Kim Cameron and I are sitting in a booth at the Cheesecake Factory, sharing a bread basket. If my high school self could see me now, she’d scream.

Well, if we’re being technical about it, he’d scream. And then ask why I have boobs, and if he could touch them.

The waiter drops off our drinks—Pineapple Moscow Mule for me and my insatiable sweet tooth, whiskey ginger for Kim—and encourages us to take our time with the menu. We’ll need it, considering it’s roughly as thick as a Twilight book. We’re talking Breaking Dawn .

“So—” we say in unison. I sip my drink to make it clear she can go first. I don’t know what I was going to say anyway, having used up all my small talk on the trek through the mall from Born to Bride.

Kim’s teeth are very white and sharp when she smiles, dark-pink lips fuller than filler could ever make mine—and I’ve done the research.

Kim was pretty and aloof in high school, the kind of emo waif I always imagined myself with.

Now she is devastatingly hot, her face more angular, her body immaculately curved but solid .

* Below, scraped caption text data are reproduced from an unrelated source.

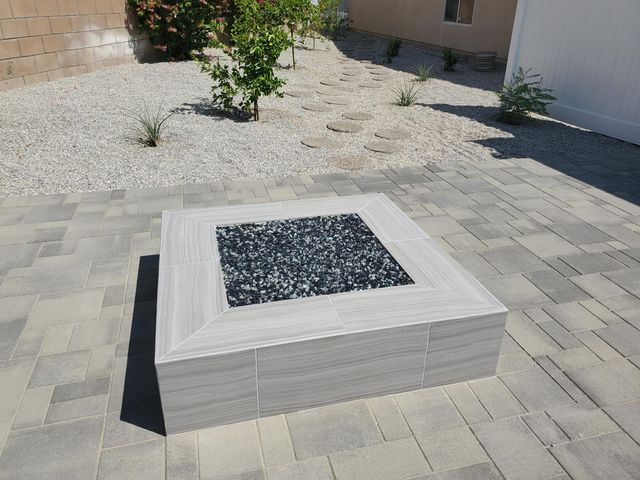 a white bath tub sitting in a bathroom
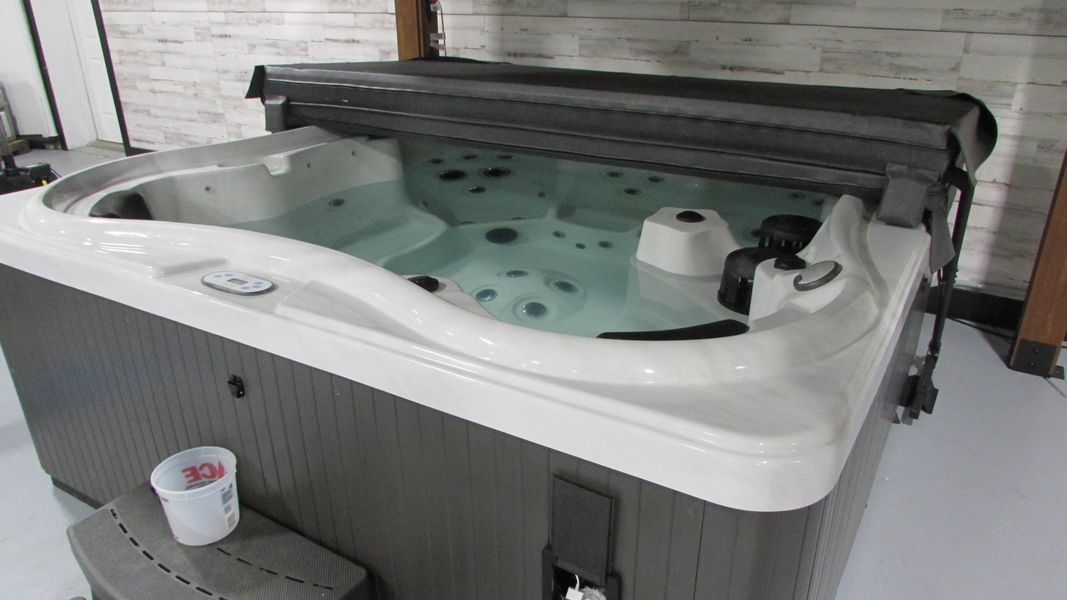 Hot tub with water and partially open black cover in a white and gray room.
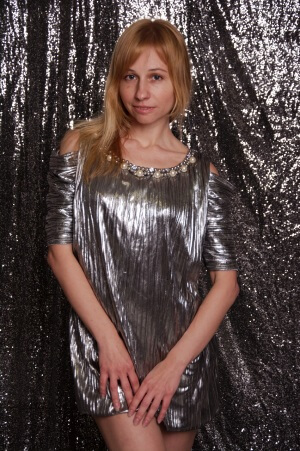 Girl wearing silver color dress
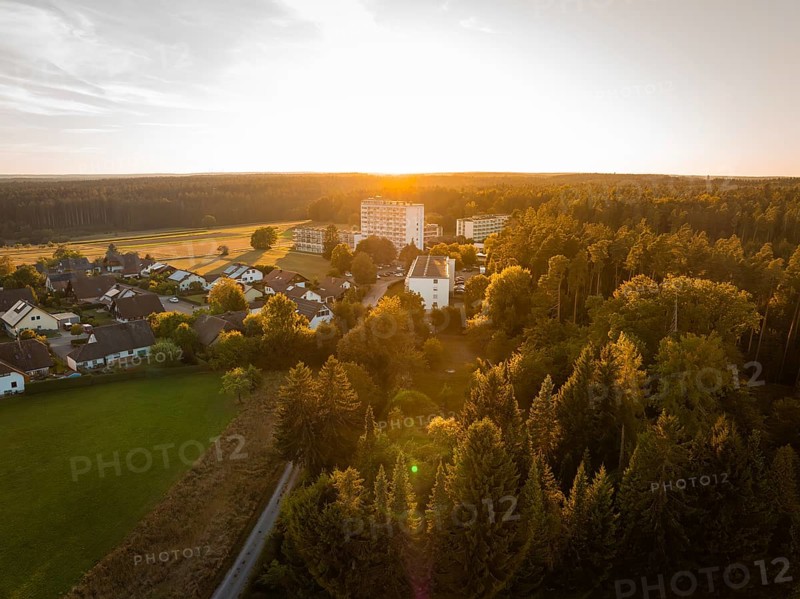 Landscape at sunset with a village and surrounding forests in warm light, fire drill in the new construction tunnel of the Hermann Hesse railway, Ostelsheim, district of Calw, Germany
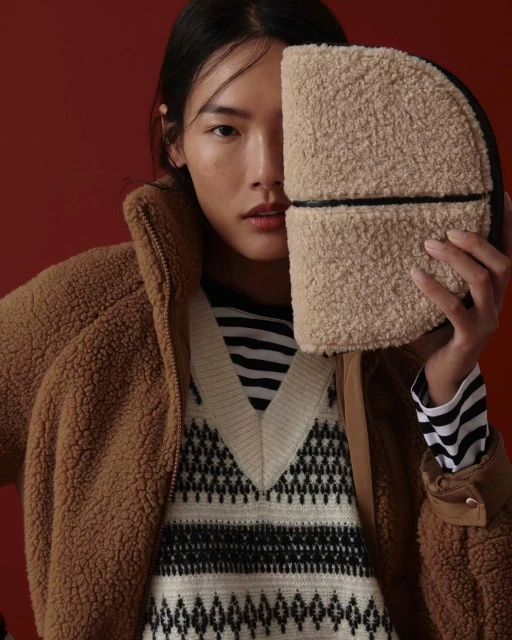Fashion portrait of an Asian woman in a patterned vest and jacket, holding a sherpa handbag against a dark red background.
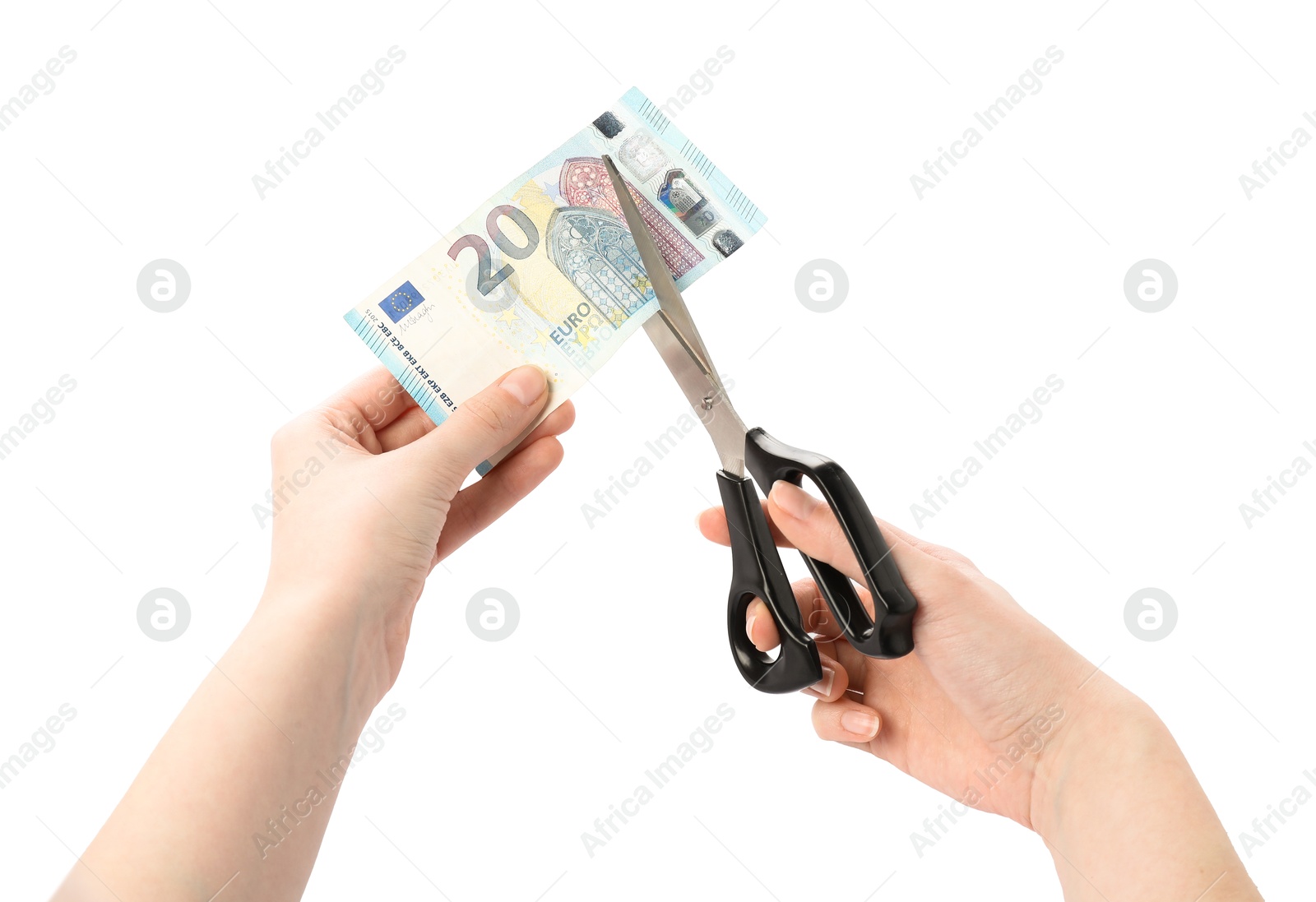 Photo of Woman cutting euro banknote on white background, closeup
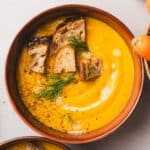 Bowl of deep yellow-orange soup with crispy bread and fresh herbs on top.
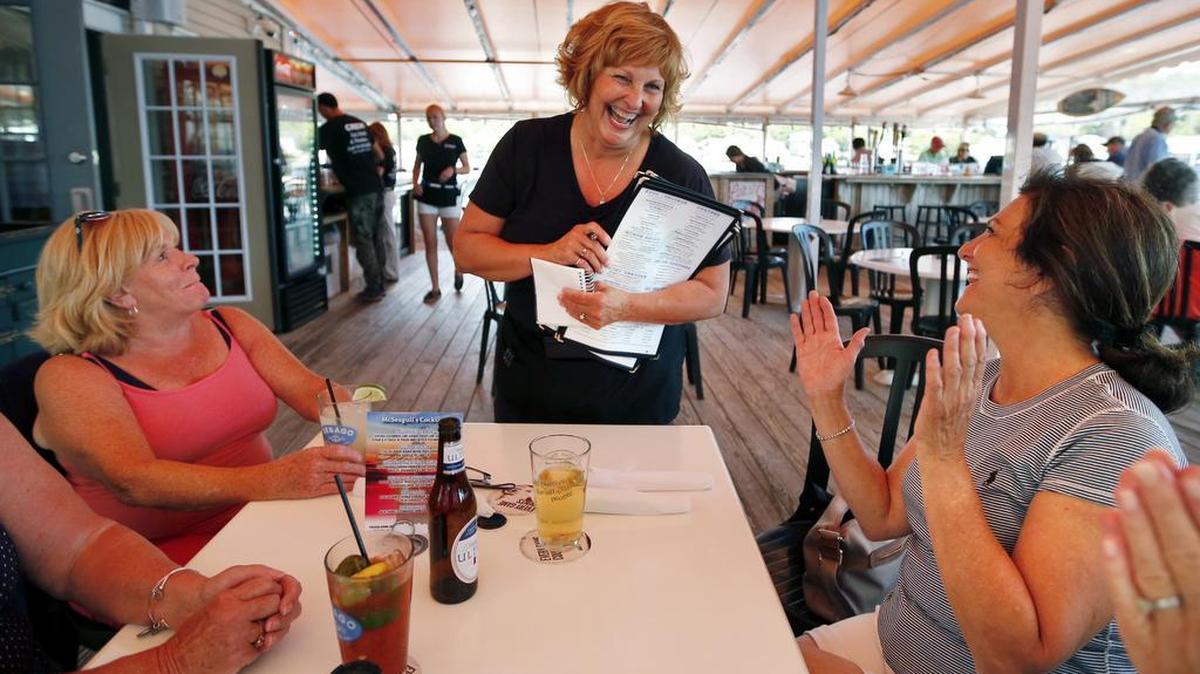 Ann LePage chats with diners after taking their order at McSeagull’s restaurant, Thursday, June 23, 2016, in Boothbay Harbor. The wife of America’s lowest-paid governor has taken a summer waitressing job and is saving for a car.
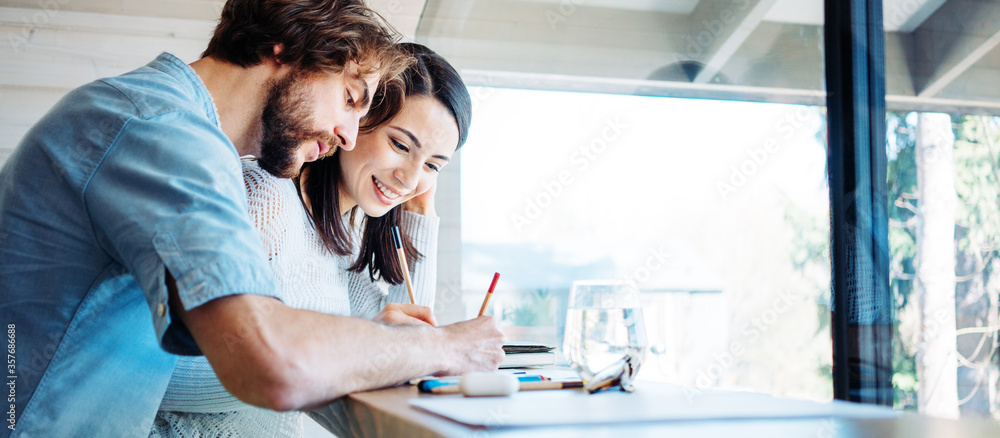 Couple working together at home in bright wooden room in their own house. Remote workplace. Solving tasks at the desk. Wide screen panoramic Couple working together at home in bright wooden room in their own house. Remote workplace. Solving tasks at the desk. Wide screen panoramic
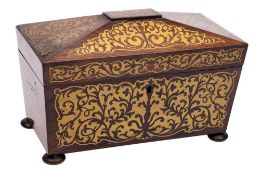 A Regency rosewood and brass inlaid tea caddy: of sarcophagus outline,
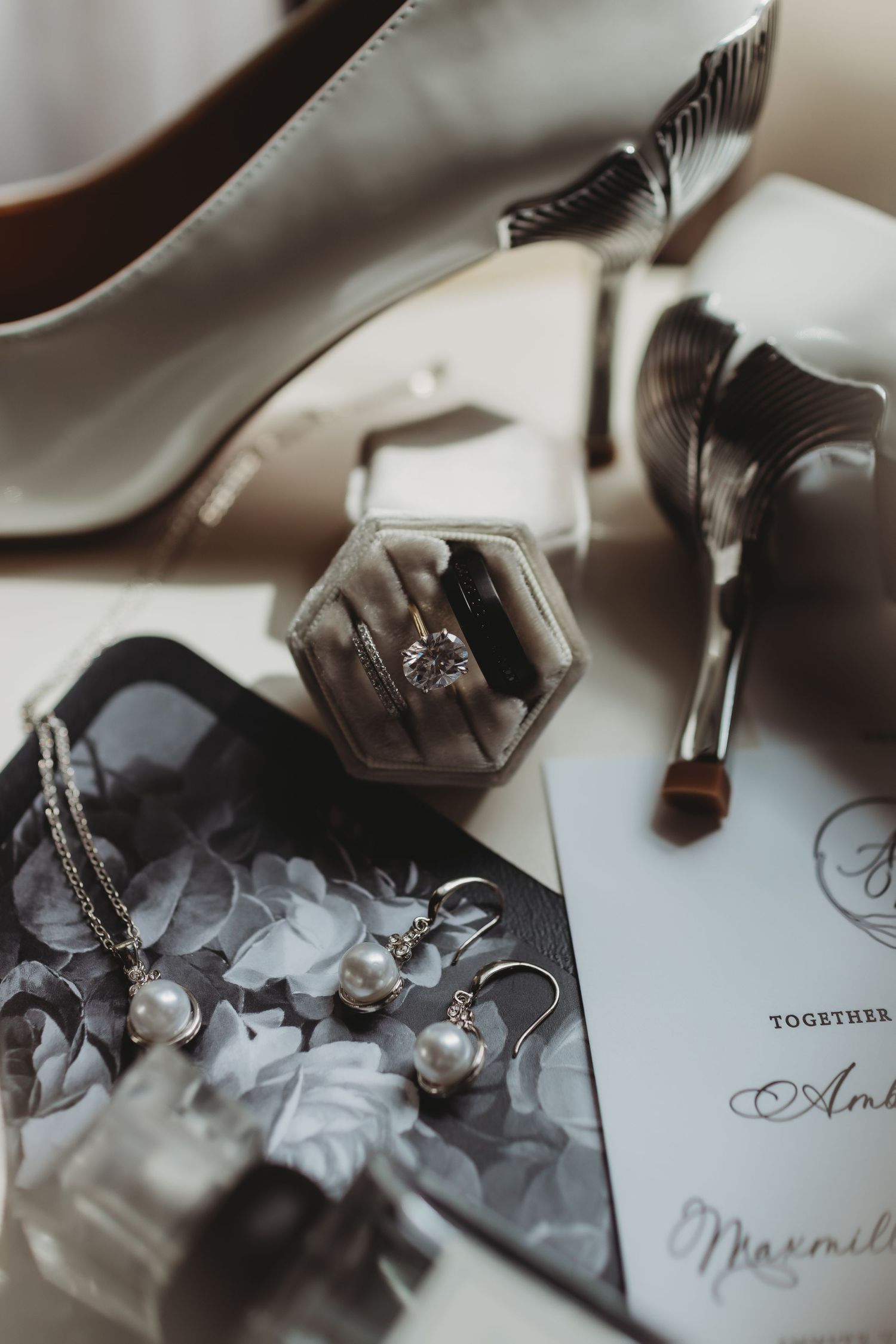 Wedding details including white heels, engagement ring in hexagonal box, pearl jewelry and invitation card on light surface.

She was a bit more delicate in high school, but now she’s hardened into steel.

She looks like she could tear me apart. I’d let her.

“How’ve you been? It’s been a long time. I’ve heard things here and there from Rachel and, you know, the internet.”

Another enamel-eroding gulp of my cocktail. “I’m good. Fine. I don’t live in Florida so…there’s that.”

We both laugh. I’ve met more than a few Floridian expats in New York and we all have the same story: weirdos who escaped as soon as we could.

Among my friends who have left the Sunshine State are a burlesque-dancer-slash-mortician, a baker who only crafts cakes shaped like vulvas, and a nonbinary software developer who dresses exactly like Trinity in The Matrix .

Lounging on her side of our booth, whiskey in hand, Kim somehow looks like she is at some horrifically exclusive after-hours party. Even in the unflattering overhead lighting, she glows.

“Not being in Florida is certainly a win. Have you lived here since high school?”

“At the Cheesecake Factory? Yeah, I’ve got a lovely little studio set up in the walk-in freezer.”

Another laugh, her eyes crinkling. “I’ve been in New York since college,” I continue. “Floundered around for a couple of years figuring things out after I graduated. Not that I have figured anything out.”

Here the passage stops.